(Exercise) Required from the data below: the exact lines starting at the line containing "Three pounds 60" and ending at the line containing "Hi, this is", with both ends kept and all pictures dropped.

(Data for review)
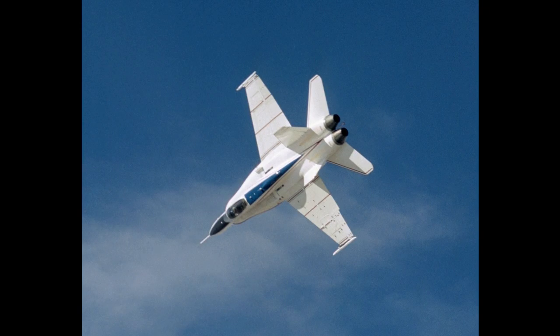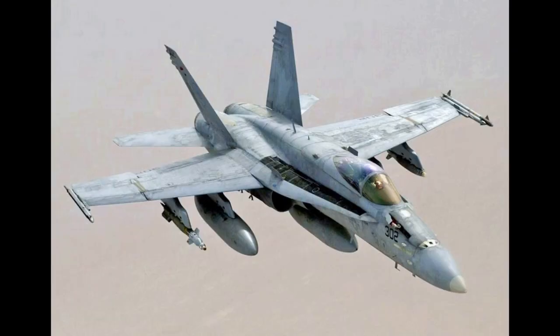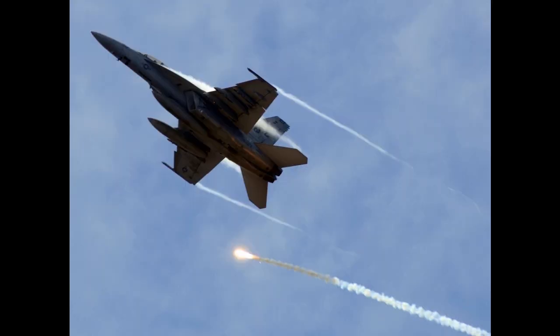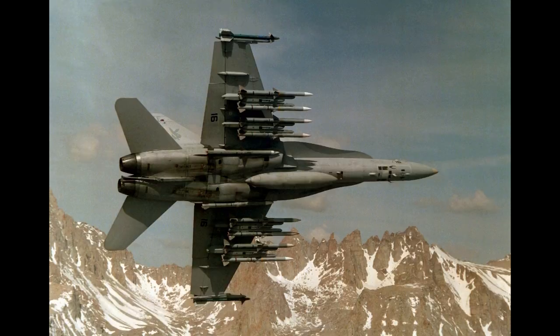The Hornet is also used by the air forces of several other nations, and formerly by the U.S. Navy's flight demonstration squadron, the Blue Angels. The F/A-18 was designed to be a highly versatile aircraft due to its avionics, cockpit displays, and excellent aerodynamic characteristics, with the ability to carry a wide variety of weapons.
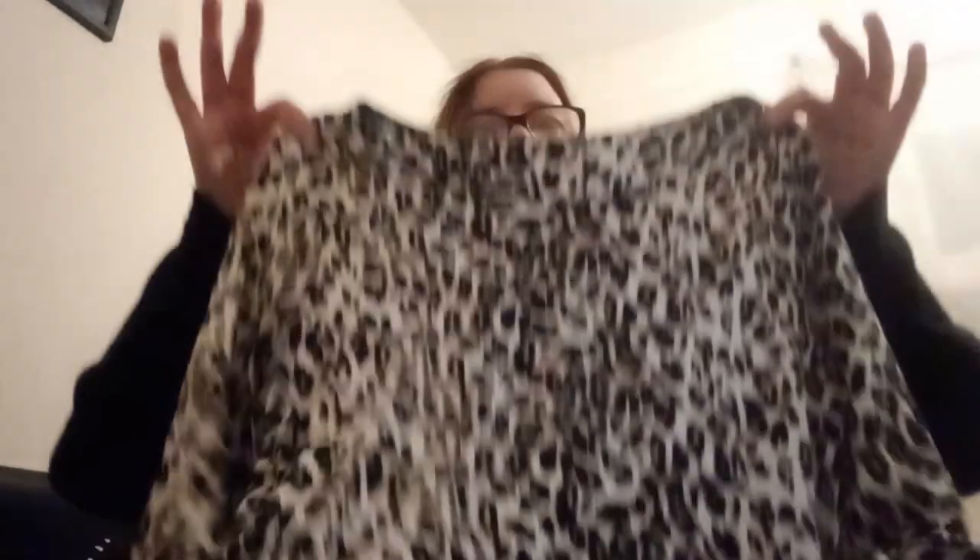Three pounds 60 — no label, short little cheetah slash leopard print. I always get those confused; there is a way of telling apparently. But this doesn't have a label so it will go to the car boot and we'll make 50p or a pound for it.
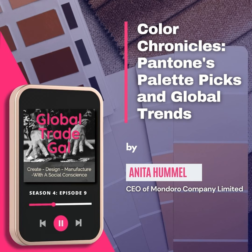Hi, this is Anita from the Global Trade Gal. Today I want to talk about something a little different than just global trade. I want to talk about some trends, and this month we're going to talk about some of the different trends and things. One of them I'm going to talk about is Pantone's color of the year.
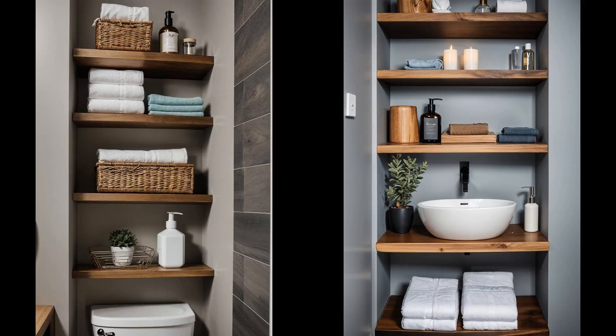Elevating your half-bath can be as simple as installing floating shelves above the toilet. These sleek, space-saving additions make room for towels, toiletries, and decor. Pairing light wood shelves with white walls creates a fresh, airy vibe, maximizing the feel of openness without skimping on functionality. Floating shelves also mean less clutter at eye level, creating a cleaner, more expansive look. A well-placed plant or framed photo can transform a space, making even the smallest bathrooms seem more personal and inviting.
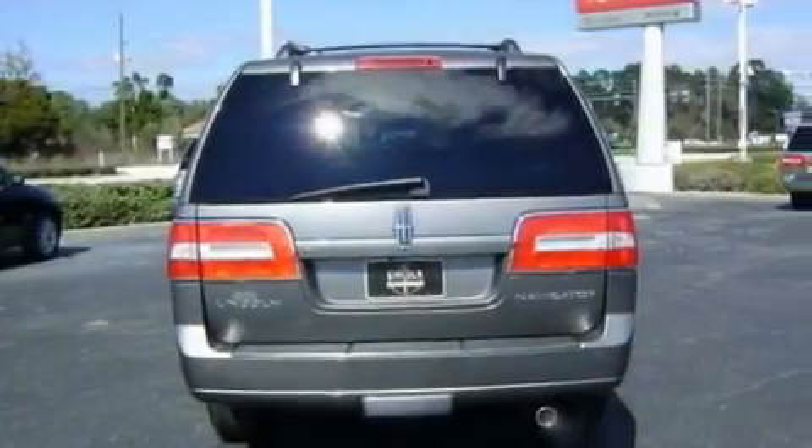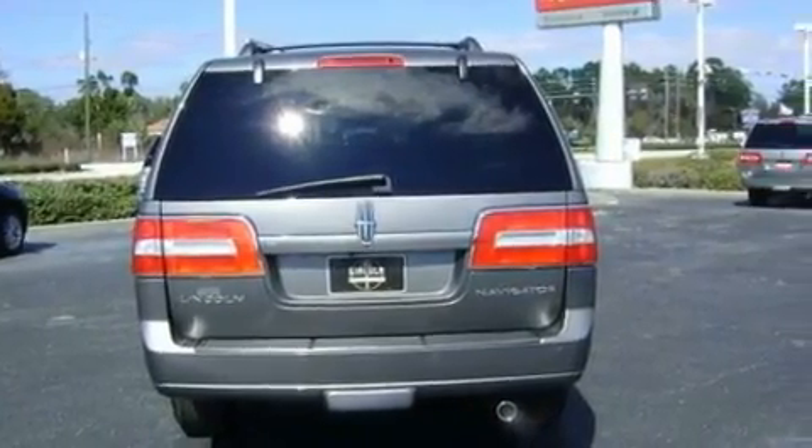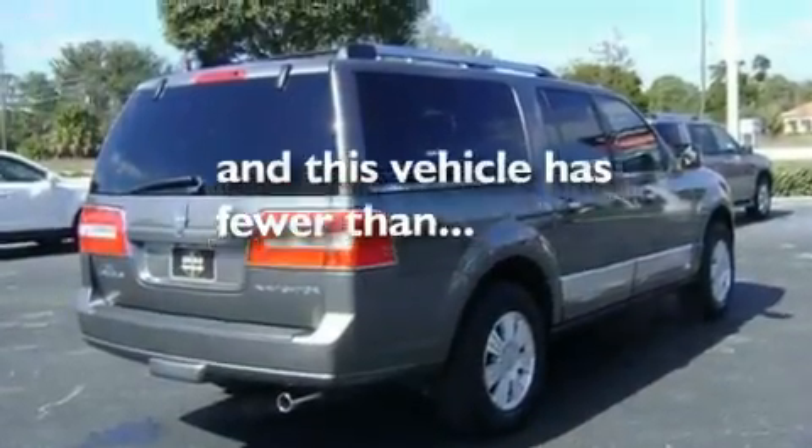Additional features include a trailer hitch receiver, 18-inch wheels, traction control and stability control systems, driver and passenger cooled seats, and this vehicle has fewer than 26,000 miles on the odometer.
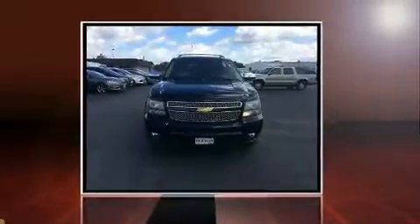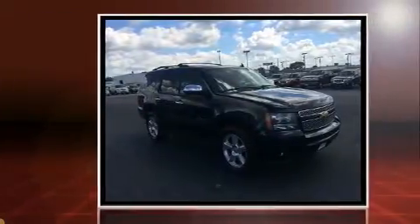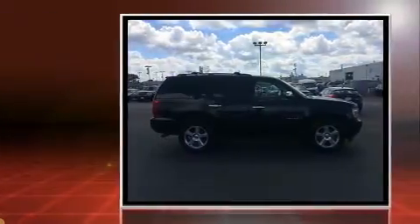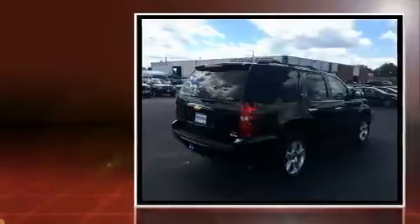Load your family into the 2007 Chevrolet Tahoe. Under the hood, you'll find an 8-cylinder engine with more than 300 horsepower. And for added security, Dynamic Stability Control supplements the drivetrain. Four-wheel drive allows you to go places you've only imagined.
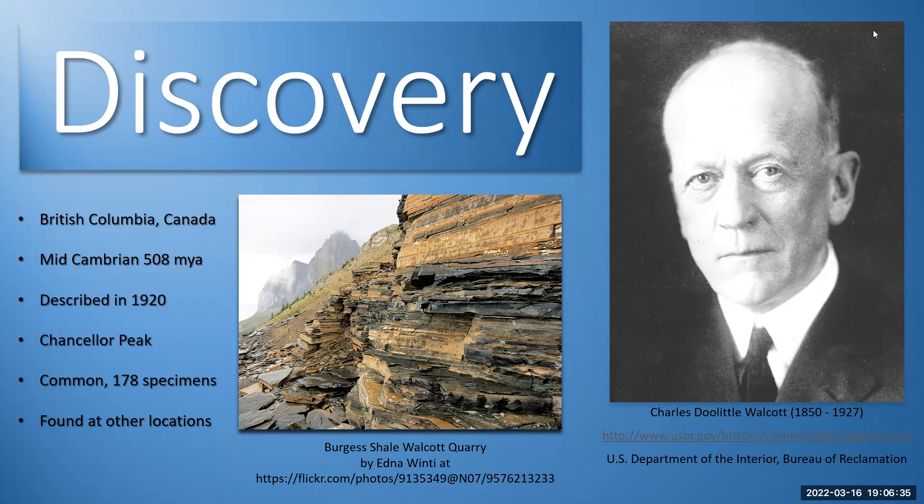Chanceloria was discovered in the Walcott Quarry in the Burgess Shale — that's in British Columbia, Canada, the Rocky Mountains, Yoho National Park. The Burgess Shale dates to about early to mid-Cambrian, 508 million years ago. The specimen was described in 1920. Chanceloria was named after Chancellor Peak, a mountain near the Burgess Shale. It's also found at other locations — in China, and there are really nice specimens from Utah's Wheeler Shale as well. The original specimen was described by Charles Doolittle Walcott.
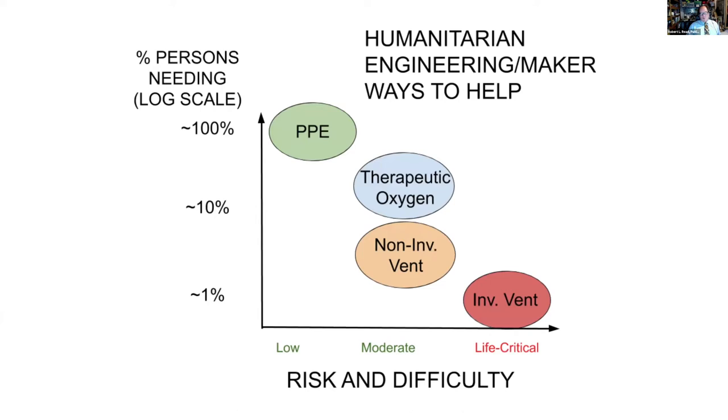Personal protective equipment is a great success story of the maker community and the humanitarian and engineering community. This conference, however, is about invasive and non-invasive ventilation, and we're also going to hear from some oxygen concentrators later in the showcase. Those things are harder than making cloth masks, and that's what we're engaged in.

(Answer area)
Three pounds 60 — no label, short little cheetah slash leopard print. I always get those confused; there is a way of telling apparently. But this doesn't have a label so it will go to the car boot and we'll make 50p or a pound for it.
Hi, this is Anita from the Global Trade Gal. Today I want to talk about something a little different than just global trade. I want to talk about some trends, and this month we're going to talk about some of the different trends and things. One of them I'm going to talk about is Pantone's color of the year.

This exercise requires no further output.